An early preprint in April by Qian et al found that "among our 7,324 identified cases in China with sufficient descriptions, only one outdoor outbreak involving two cases occurred". This refers to a single incidence of transmission (i.e., the two cases were one person who had COVID-19 and transmitted it to the other person).

A peer-reviewed article from June by Leclerc et al reviewed data from various published reports. Their data comprises 6123 cases, of which 5838 (95%) occurred in settings they categorized as "Indoor". 150 occurred in "outdoor" settings and 135 in "indoor/outdoor" settings (about 2% each).

Some of the authors of the latter study have created a project to collect information about transmission events. In July they released a brief note (not a peer-review publication) based on updated information about 616 known clusters, stating (among other things): "Over 96% of the identified clusters (and of all cases associated with clusters) were associated with indoor environments".

Their database appears to have grown since then, containing information about 192,000 cases in about 1500 clusters, of which about 176,000 (91%) were categorized as indoor, with an additional 15,000 or so indoor/outdoor, leaving less than 1,000 (<1%) categorized as outdoor or with no information recorded on this dimension. (Glancing at the data, it looks like they have recategorized some events from the earlier publication, such as some at construction sites, from "outdoor" to "indoor/outdoor".)

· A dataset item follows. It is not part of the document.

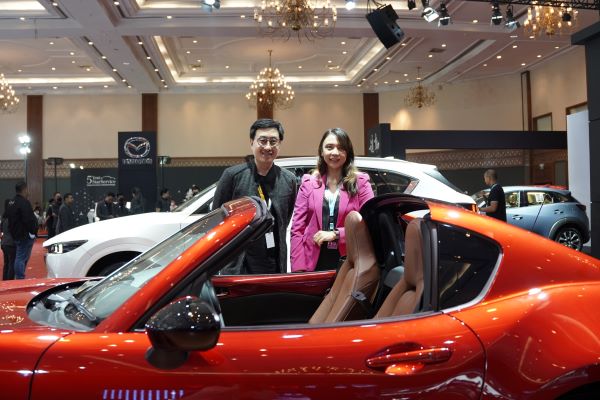 Mazda keren bersama dengan salah satu fashion designer ternama tanah air, Jeffry Tan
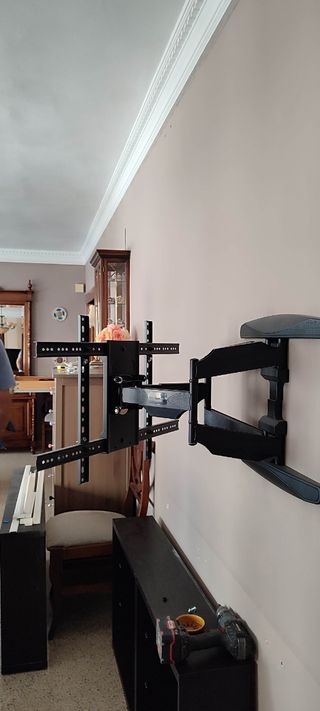 Soporte televisión grande, pared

As regards "superspreading", the database mentioned above contains only three clusters explicitly identified as outdoors, consisting of 26, 11, and 2 cases. The 26-case event is listed as occurring at "Mountain King Potatoes" in Colorado. It appears to be referring to this event, but that report refers to a "potato warehouse" so the spread may not in fact have occurred outdoors. The 11-case event is listed as "Greenways Landscape Services" but I wasn't able to find specific information about that event. The status of the "indoor/outdoor" events is unclear since some may have been predominantly indoor with a bit of outdoor interaction, while others may have been the reverse, so it's possible that some larger superspreading events were driven, at least in part, by outdoor interaction.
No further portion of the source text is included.